_Assignment:_
With the pictures left out, print exactly the lines below that run from the one containing "Purchase Top-Quality MEVOTECH" through the one containing "Bedroom - 203".

(Records contained in a dataset)
================
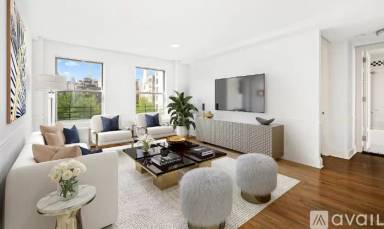 Main picture of 161 E 81st St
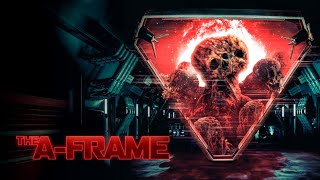 The A-Frame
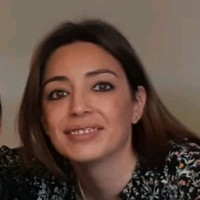 Gemma Pertegal Miranda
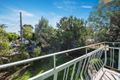 Property photo of 3/50 Liddiard Street Hawthorn VIC 3122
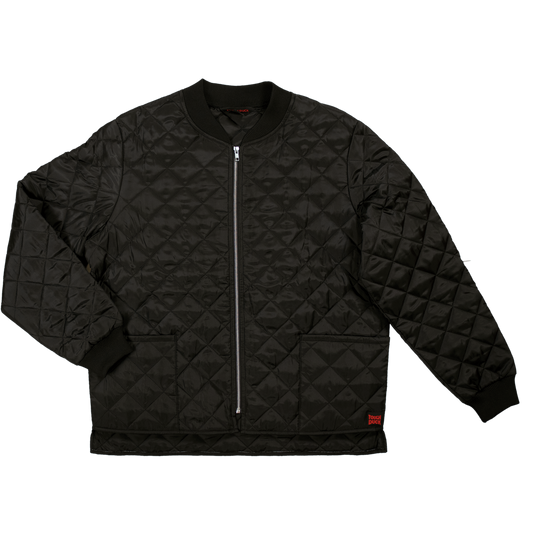 Tough Duck - Freezer Jacket - WJ25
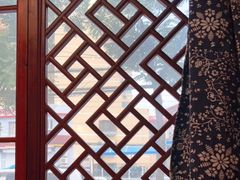 -左陕右甘(亚运村店)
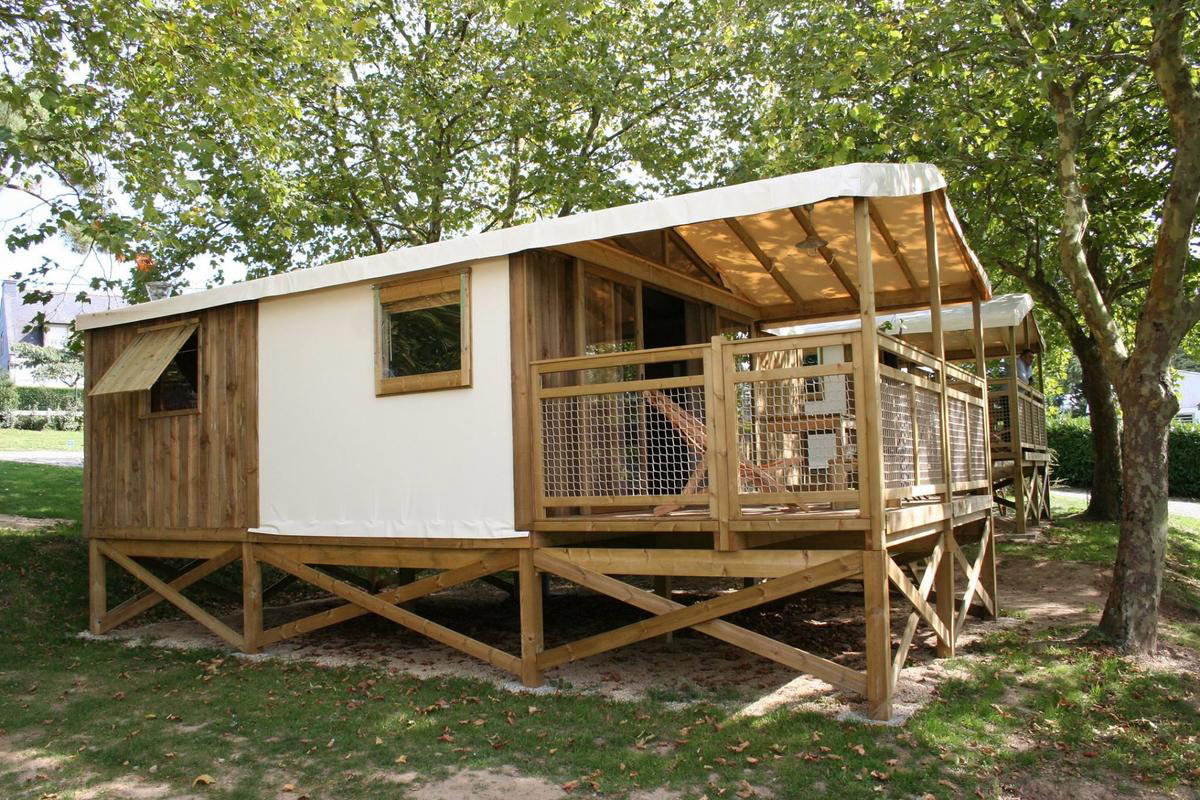 Port de Caroline Paesi della Loira - Brain-sur-l'Authion visuel 7/12 Port de Caroline Paesi della Loira - Brain-sur-l'Authion visuel 7/12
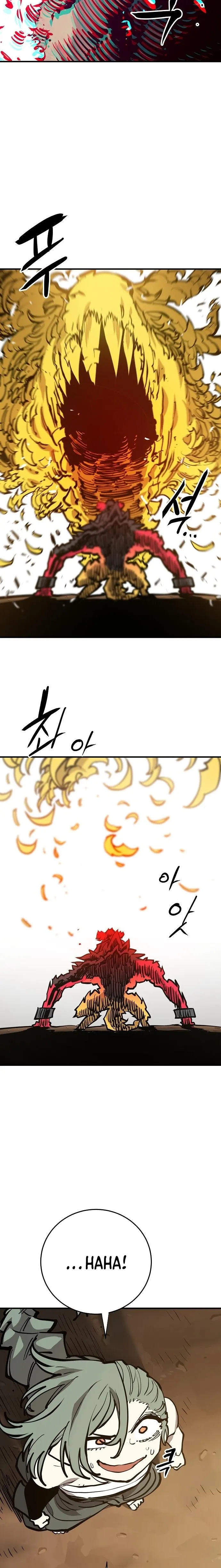 Player chapter 147 page 9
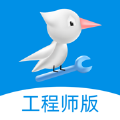 啄木鸟工程师维修服务app软件下载 v2.4.2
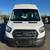2020 Ford Transit 350 148” WB Hi Roof W/ Sliding Side Door - 89K Miles 8 thumbnail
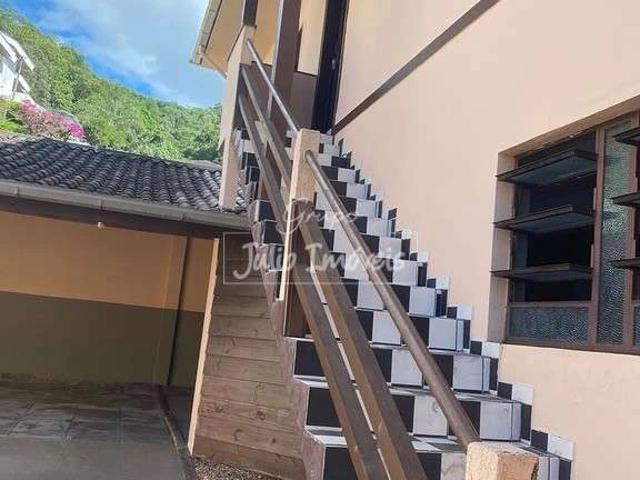 Condominio venda em Brusque, Região Geográfica Intermediária de Blumenau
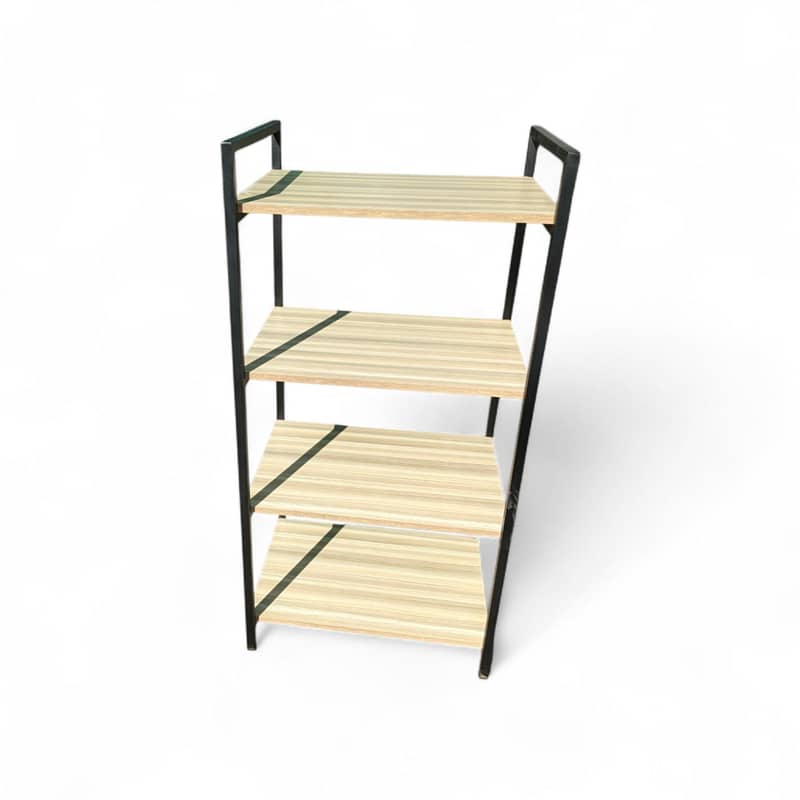 kitchen racks 5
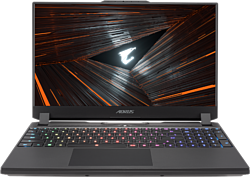 Gigabyte Aorus 15 XE5 XE5-73RU544UD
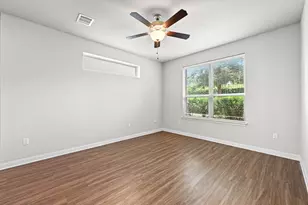 8201 Frida Bend, Austin, TX 78744 - Photo 9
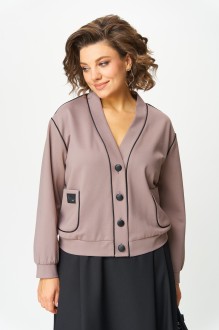 Ликвидация Aira Style 24130 двойка #5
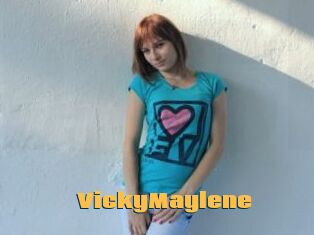 VickyMaylene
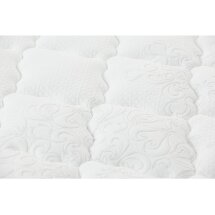Матрас Infinity Grand 120х200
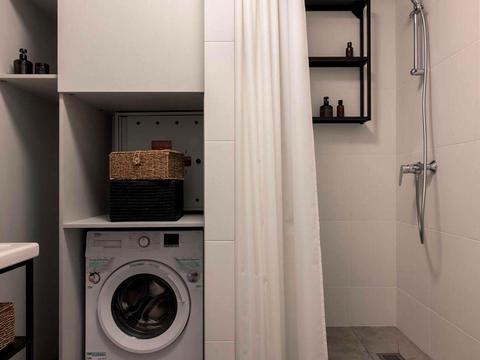 квартира по адресу Всеволода Змеенко ул., 21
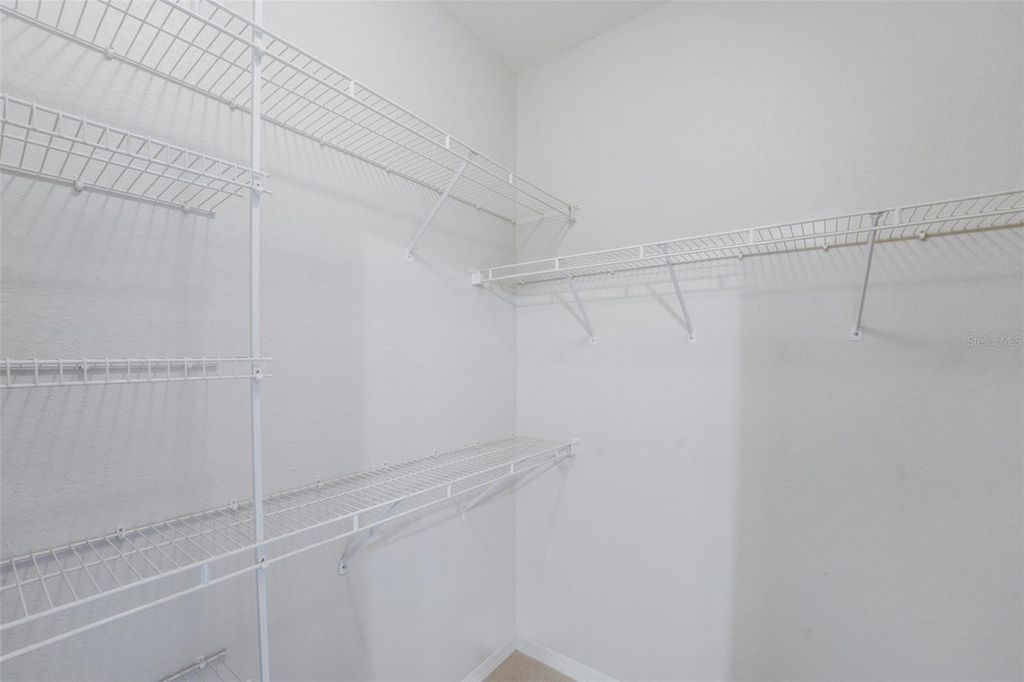 Image 12 of property listing at 2627 MAITLAND CROSSING WAY 109, Orlando, FL 32810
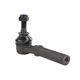 Purchase Top-Quality MEVOTECH - GS50606 - Tie Rod End pa1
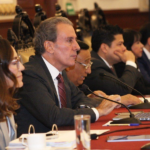 Gobierno de Pepe Chedraui fortalece la prevención, inversión y coordinación institucional en temporada de lluvias
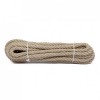 20 MM ROPE IN HEMP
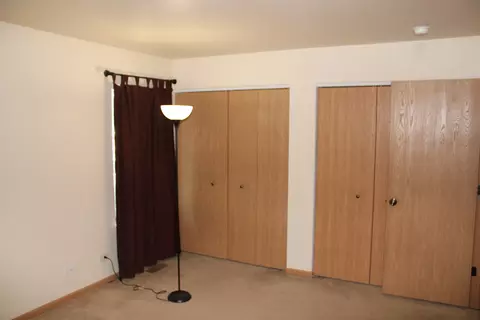 Bedroom - 203 Keller St, Plano, IL 60545 photo 1 of 6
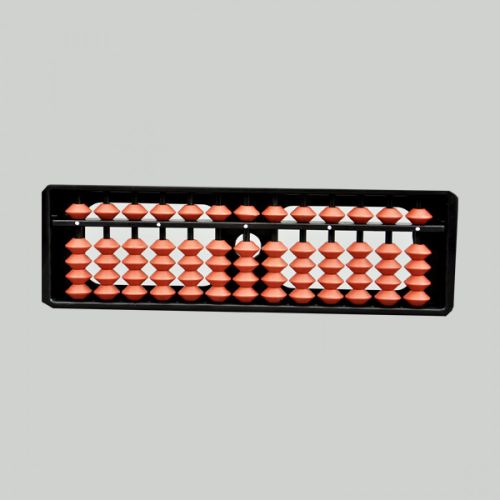 Student Abacus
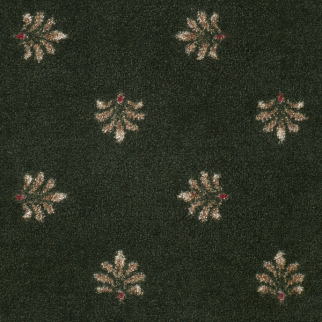 Milliken Carpets Adonis Olive II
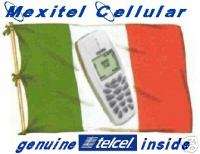 Unlimited cell phone service in PUERTO VALLARTA  cheap  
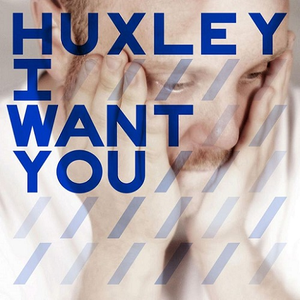 Artwork for I Want You (Youandewan Version)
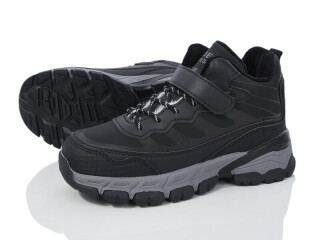 T327-3-3, 8 (32-37), <strong>545</strong>, зима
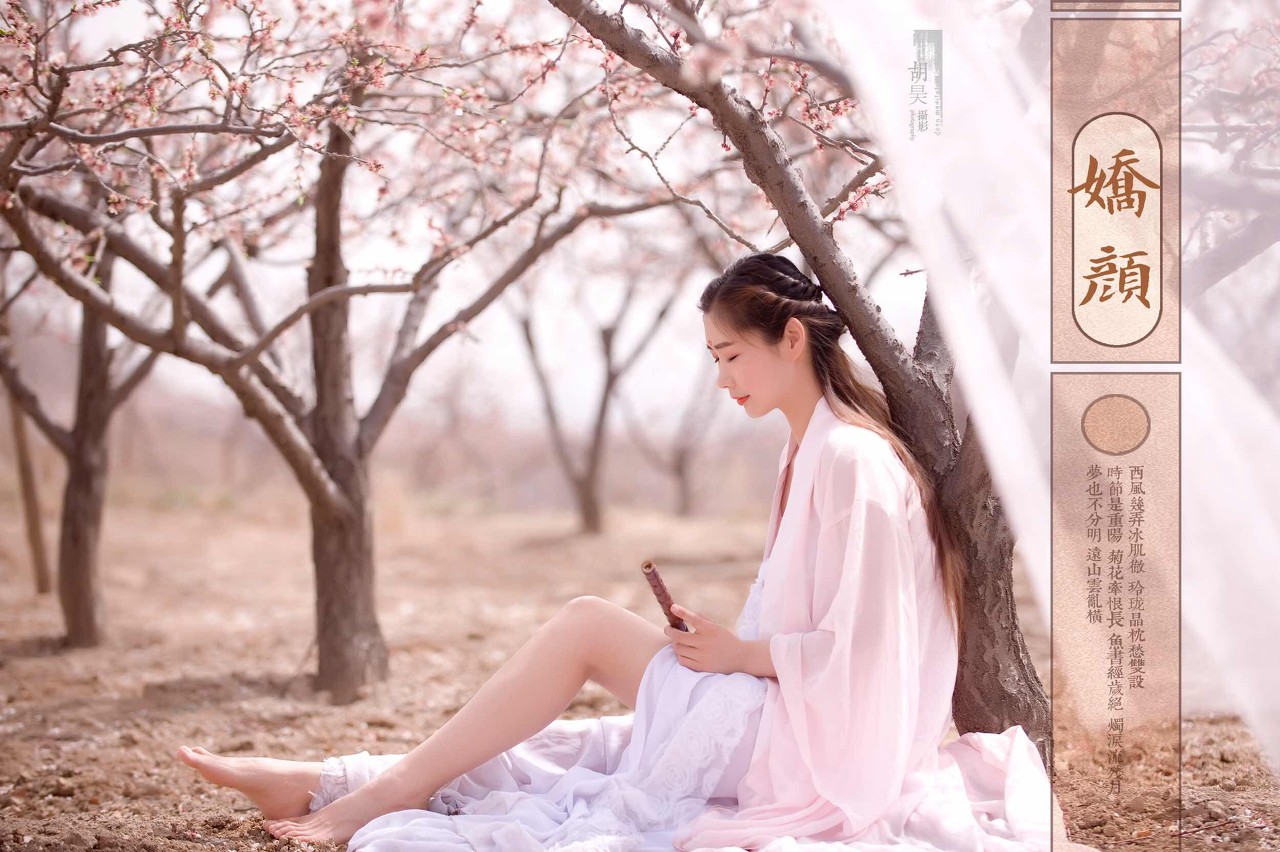 多子多福修仙的小说,修仙小说多子多孙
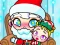 Juego Jigsaw Puzzle: Avatar Santa Claus en línea
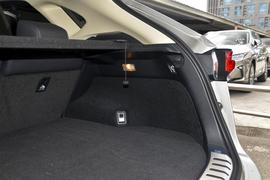 2016款雷克萨斯NX200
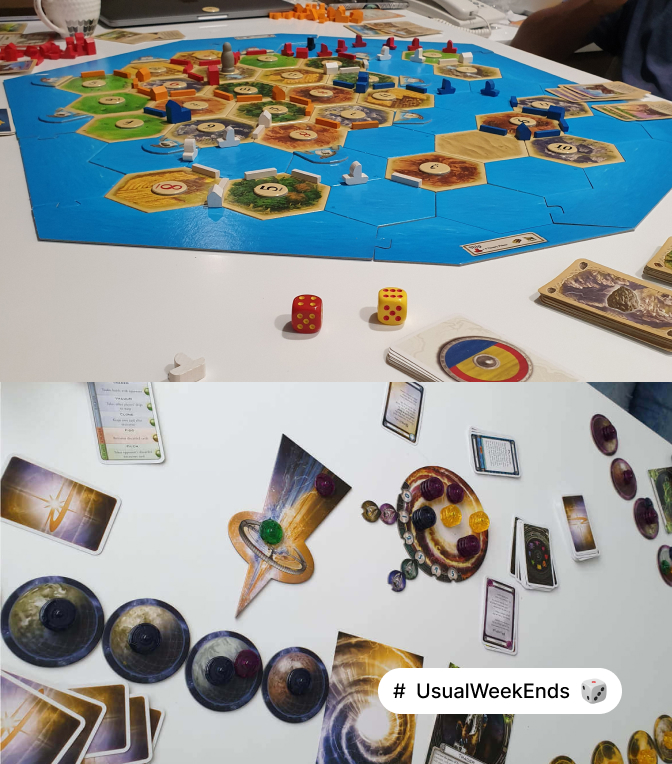 About — Div | Principal Product Designer & UX Strategist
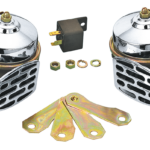 Zodiac (Genuine Zodiac Products)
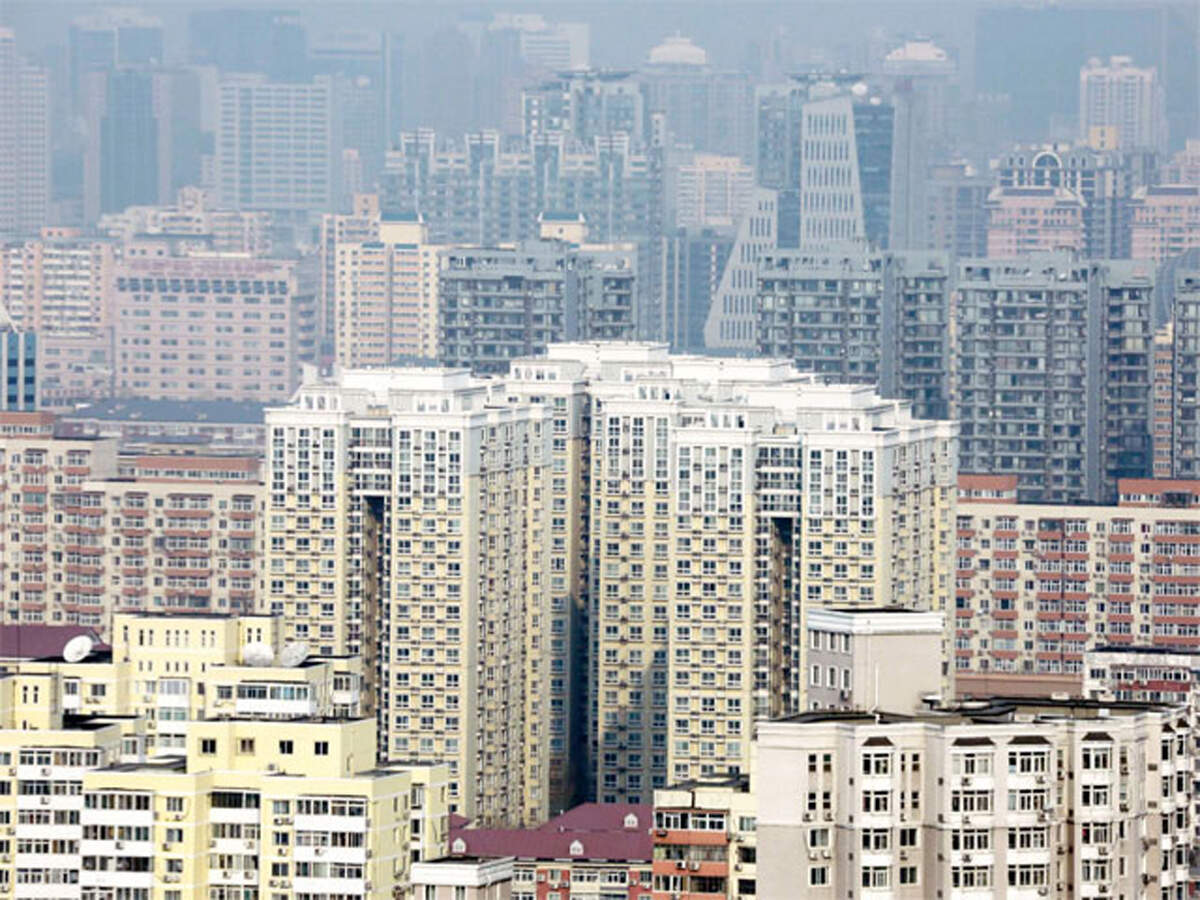 Budget 2019: Affordable housing gets further boost, liquidity concerns may ease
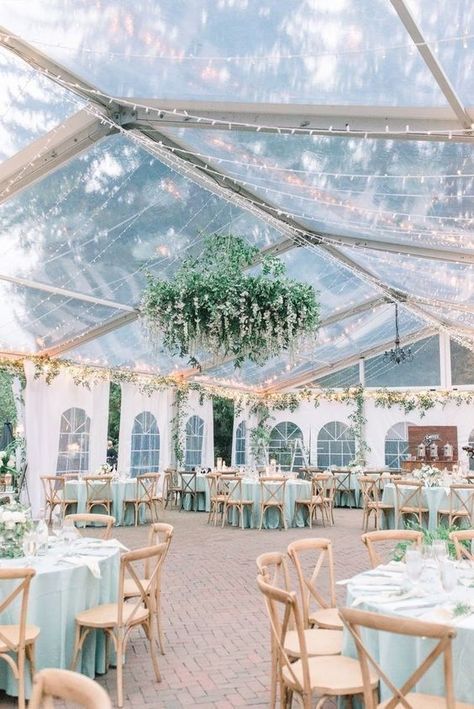 ESCAPATE CONMIGO Wedding Fans, Outdoor Wedding Decorations, Wedding Forward, Pastel Wedding, Salou, Tent Wedding, Cool Ideas, Wedding Locations, Wedding Tips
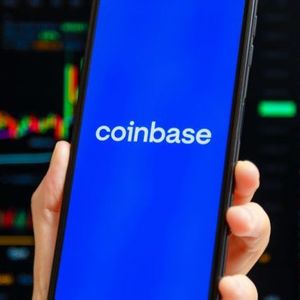 Coinbase Secures UK Approval, Unlocking Ambitious Expansion Plans for Mass Adoption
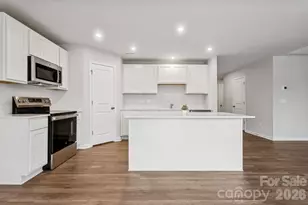 1473 Ardmore Dr, Sherrills Ford, NC 28673 - Photo 18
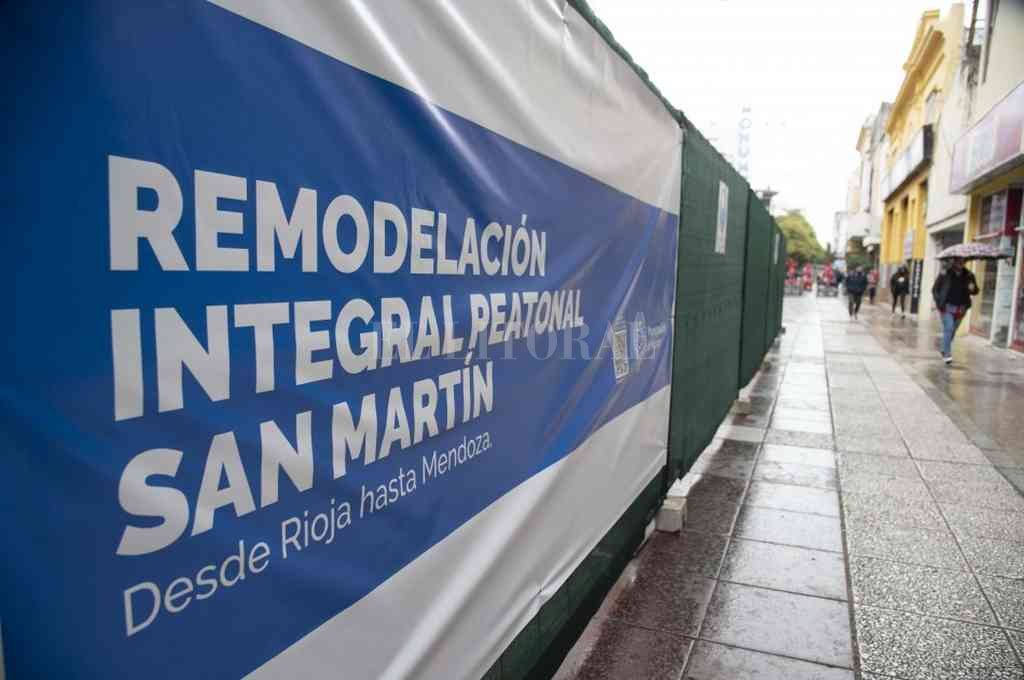 Gentileza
================
_Solution:_
 Purchase Top-Quality MEVOTECH - GS50606 - Tie Rod End pa1
 Gobierno de Pepe Chedraui fortalece la prevención, inversión y coordinación institucional en temporada de lluvias
 20 MM ROPE IN HEMP
 Bedroom - 203 Keller St, Plano, IL 60545 photo 1 of 6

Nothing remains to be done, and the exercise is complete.